OS is measured from the date of randomization to the date of death for a dead patient. If a patient is still alive or is lost to follow up, the patient will be censored at the last contact date.

2. Objective Response Rate (ORR) [Treatment will continue until disease progression or intolerable toxicity.]

Per Response Evaluation Criteria In Solid Tumors Criteria (RECIST v1.0) for target lesions and assessed by MRI: Complete Response (CR), Disappearance of all target lesions; Partial Response (PR), >=30% decrease in the sum of the longest diameter of target lesions; Objective Response (OR) = CR + PR.

3. Time to Response [Treatment will continue until disease progression or intolerable toxicity]
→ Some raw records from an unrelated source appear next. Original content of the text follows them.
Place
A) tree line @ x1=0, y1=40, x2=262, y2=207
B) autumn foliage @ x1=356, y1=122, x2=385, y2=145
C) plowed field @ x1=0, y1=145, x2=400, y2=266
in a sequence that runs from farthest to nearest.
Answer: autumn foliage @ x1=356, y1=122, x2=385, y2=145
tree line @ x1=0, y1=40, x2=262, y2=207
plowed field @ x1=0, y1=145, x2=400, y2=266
For patients who achieve a major objective response (CR or PR) the time to response will be assessed as the date of registration to the date of response.

4. Duration of Response [Treatment will continue until disease progression or intolerable toxicity]

The duration of response is measured from the time measurement criteria are first met for CR/PR until the first date that recurrent or progressive disease is objectively documented.